╭──
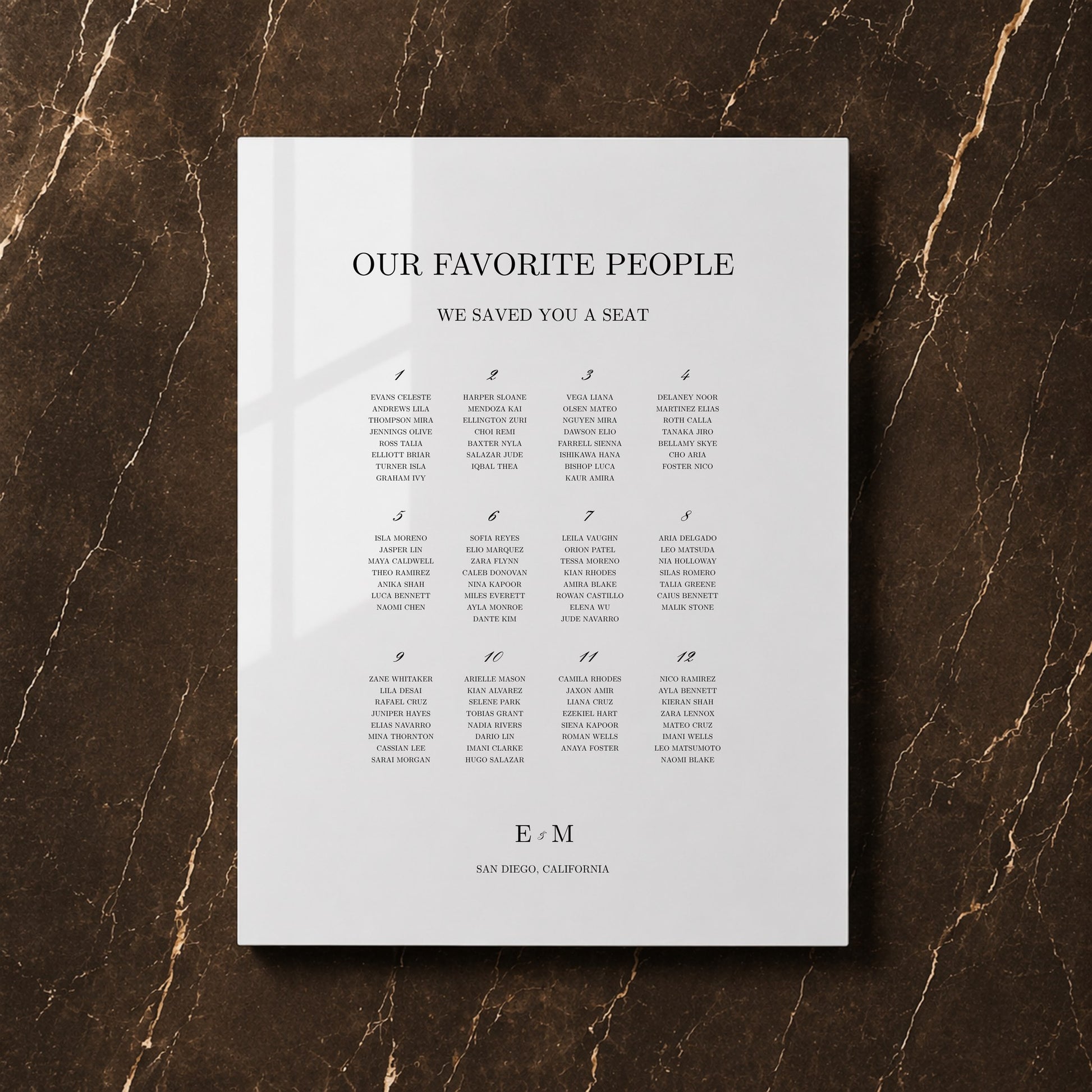 Reina Collection Acrylic Wedding Seating Chart Sign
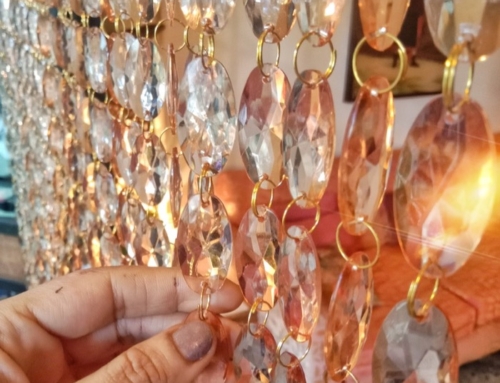 Beautiful Amber Crystal Beaded Curtain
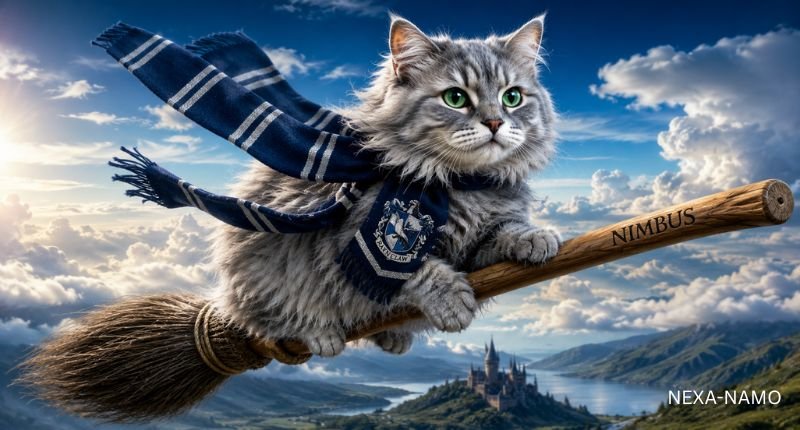 A fluffy silver-gray fantasy cat with bright green eyes rides a magical Nimbus broomstick above the clouds. Wearing a blue scarf, the cat soars through a breathtaking sky with distant mountains and a castle below in a stunning HD fantasy scene.
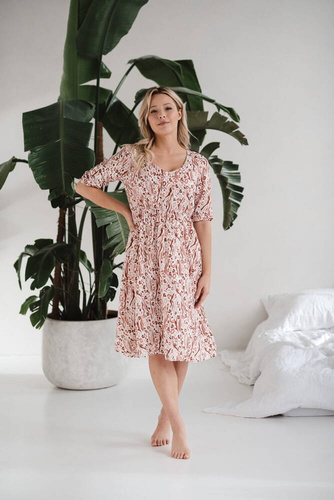 Lovely Dress Midi sukienka ciążowa i do karmienia Milk&Love wzorki na ecru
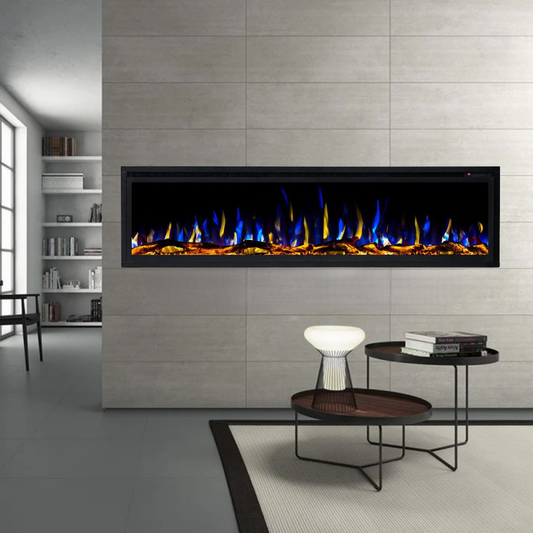 Horizon 72" Slim Trim Black Built-in Recessed / Wall mounted Heater Electric Fireplace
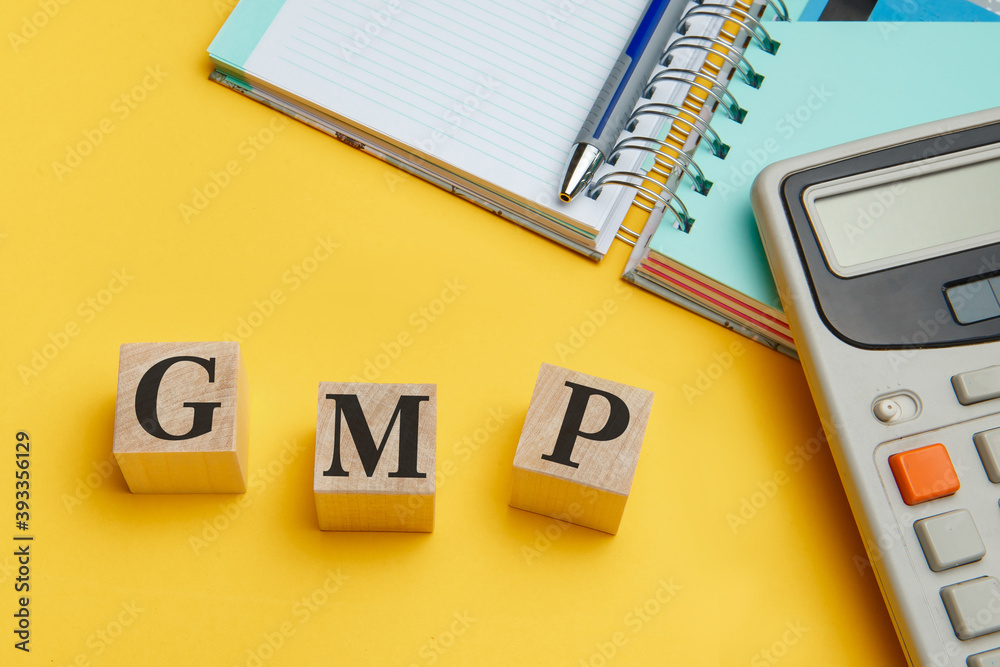 GMP Good Manufacturing Practice - inscription on cubes GMP Good Manufacturing Practice - inscription on cubes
╰──
→ Exercise instructions
Your task is to repeat the material above exactly, without its pictures.

→ Exercise solution
 Reina Collection Acrylic Wedding Seating Chart Sign
 Beautiful Amber Crystal Beaded Curtain
 A fluffy silver-gray fantasy cat with bright green eyes rides a magical Nimbus broomstick above the clouds. Wearing a blue scarf, the cat soars through a breathtaking sky with distant mountains and a castle below in a stunning HD fantasy scene.
 Lovely Dress Midi sukienka ciążowa i do karmienia Milk&Love wzorki na ecru
 Horizon 72" Slim Trim Black Built-in Recessed / Wall mounted Heater Electric Fireplace
 GMP Good Manufacturing Practice - inscription on cubes GMP Good Manufacturing Practice - inscription on cubes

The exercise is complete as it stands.